Intro
There are two primary types of resources in GPU to be partitioned: computing resources (SM) and (off-chip) memory bandwidth. Computing resource partitioning could be further subdivided into inter-SM and intra-SM types. The former mainly focuses on how to efficiently assign GPU SMs to different concurrent tasks thus achieving specific target (SLA, system throughput, etc.). While the latter aims to schedule CTAs/warps within a SM in a fine-grain manner such that memory stalls, occupancy, shared memory usage, Tensor Core/CUDA Core utilization or other metrics could be improved.
Since GPU is a throughput-oriented device, thousands of parallel threads can simultaneously issue memory requests to the attached off-chip HBM/GDDR memory. The off-chip bandwidth, therefore, becomes the most possible bottleneck of the memory-intensive applications, which takes up the majority in the heterogeneous computing workload market. To cope with this problem, researches from communities of compiler, architecture and parallel framework have been focused on split the global memory bandwidth for each concurrent tasks.
Papers
Works which require hardware modifications rely on GPU simulators to verity their effects, while others exploit vender-provided runtime/driver/framework to improve performance on off-the-shelf GPUs. And there are some works just focusing on dissecting and demystifying opaque hardware details.
Survey
- [TPDS ‘22] A Survey of GPU Multitasking Methods Supported by Hardware Architecture
Target on commodity hardwares
- [HPCA ‘23] KRISP: Enabling Kernel-wise RIght-sizing for Spatial Partitioned GPU Inference Servers
The CU scalability varies from kernel to kernel, thus setting the granularity of resource partition in DL inference as model-wise is too coarse. This work implements per-kernel CU affinity update just before kernel launch via ROCm modification to achieve fine-grained resource partitioning for concurrent inference tasks.

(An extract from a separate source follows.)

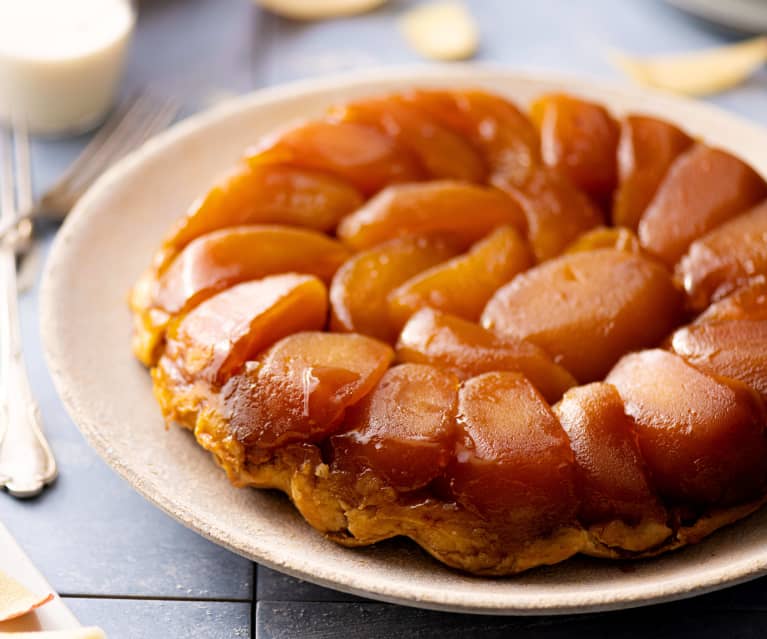 Tarte tatin - Cookidoo® – het officiële Thermomix®-receptenplatform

- [OSDI ‘22] Microsecond-scale Preemption for Concurrent GPU-accelerated DNN Inferences
Survey
- [TPDS ‘22] A Survey of GPU Multitasking Methods Supported by Hardware Architecture
- [RTAS ‘19] Fractional GPUs: Software-Based Compute and Memory Bandwidth Reservation for GPUs
Memory hierarchy dissection via micro-benchmarks and page coloring for memory isolation through NVIDA GPU driver enhancement. Compute isolation is achieved with persistent kernel (a.k.a., SM-centric programming style).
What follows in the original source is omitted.